After doing a little reading about the way the memory banks are
mapped, it looks like this code is going to grow. Separate it into
it's own file.
While we're at it, make gb_mem_read() a proper function instead of a
callback. Because these functions are used so frequently, this
corresponds to a ~10-20% performance benefit (due to LTO).
Instead of calling cpu_cycle() and video_cycle() once per emulated
cycle, call cpu_cycle() once per emulated instruction. This should not
have any obvious effects on the emulation (as currently written),
because all of the memory reads and writes are done in the first
"cycle" of the instruction.
This patch results in a substantial performance gain (>100%, if I
recall correctly).
Previously, gbdb had to check several signals, including the current
PC, to determine when do_run() should stop. This code was hotpath and
unecessarily slow.
Instead, leverage a n undefined instruction (0xd3) as a breakpoint instruction.

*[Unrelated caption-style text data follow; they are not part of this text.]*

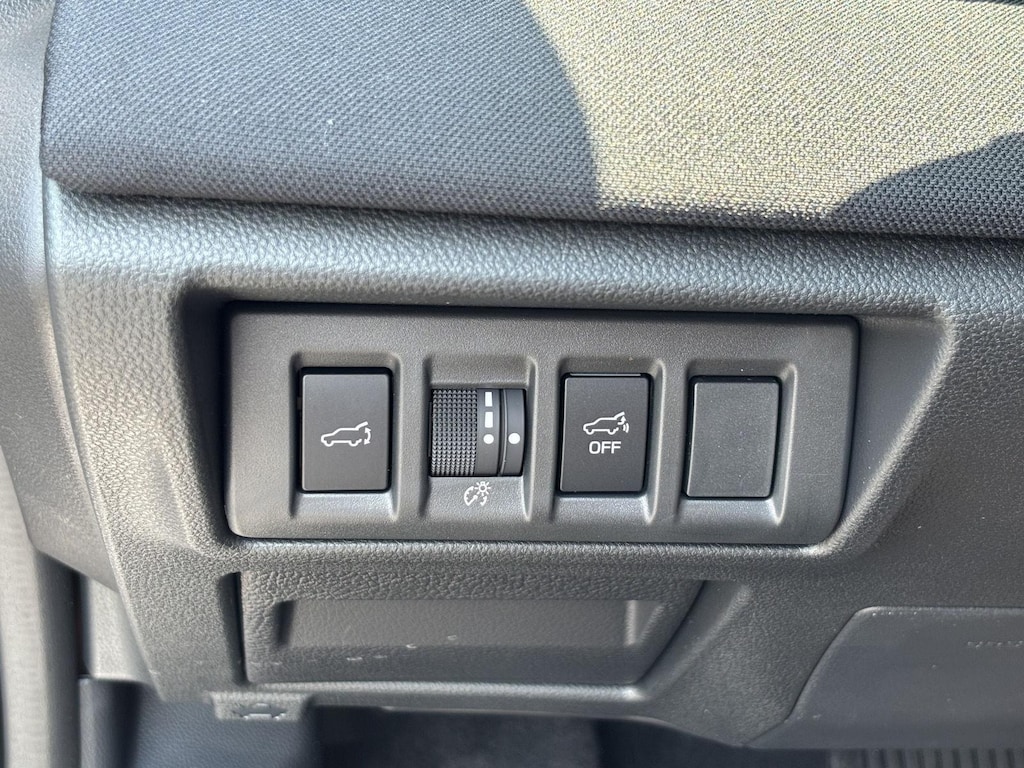 Used 2025 Subaru Outback Premium SUV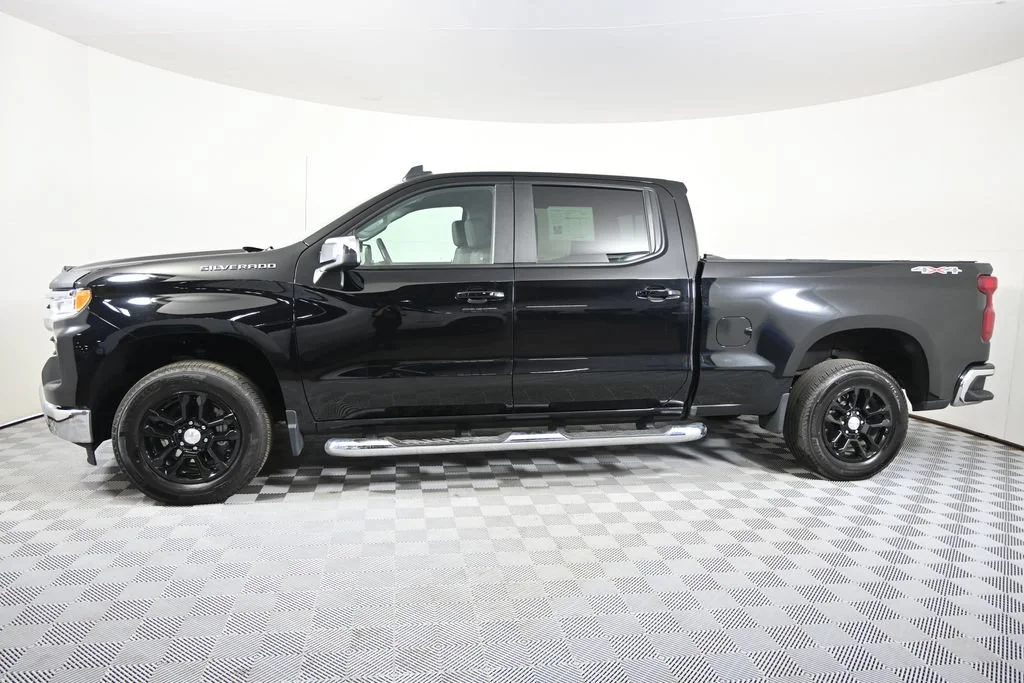 Used 2023 Chevrolet Silverado 1500 LT with VIN 3GCPDDEKXPG239632 for sale in Forest Lake, Minnesota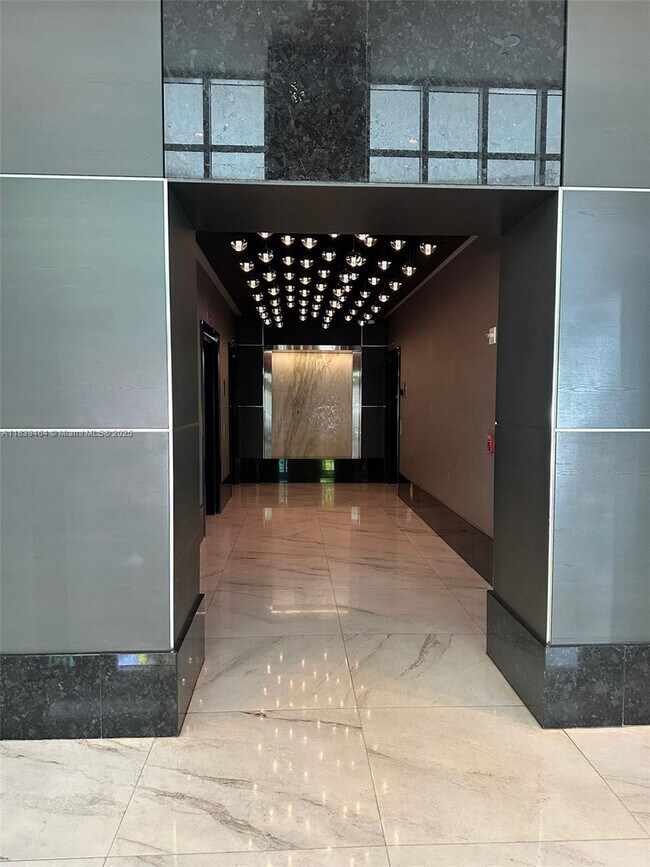 Foto del edificio - 951 Brickell Ave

When the CPU emulation encounters this instruction, it will call a callback
which is implemented by gbdb. This can set a simple flag which is less expensive to
query.
Finally, both the signal handler and the breakpoint callback set specific
"paused" flags and a generic "pause" flag. Now, do_run() can simply check
the generic "paused" flag, then use the specific flags to determine the
stop reason.
This change increased performance by ~10% on Raspberry Pi.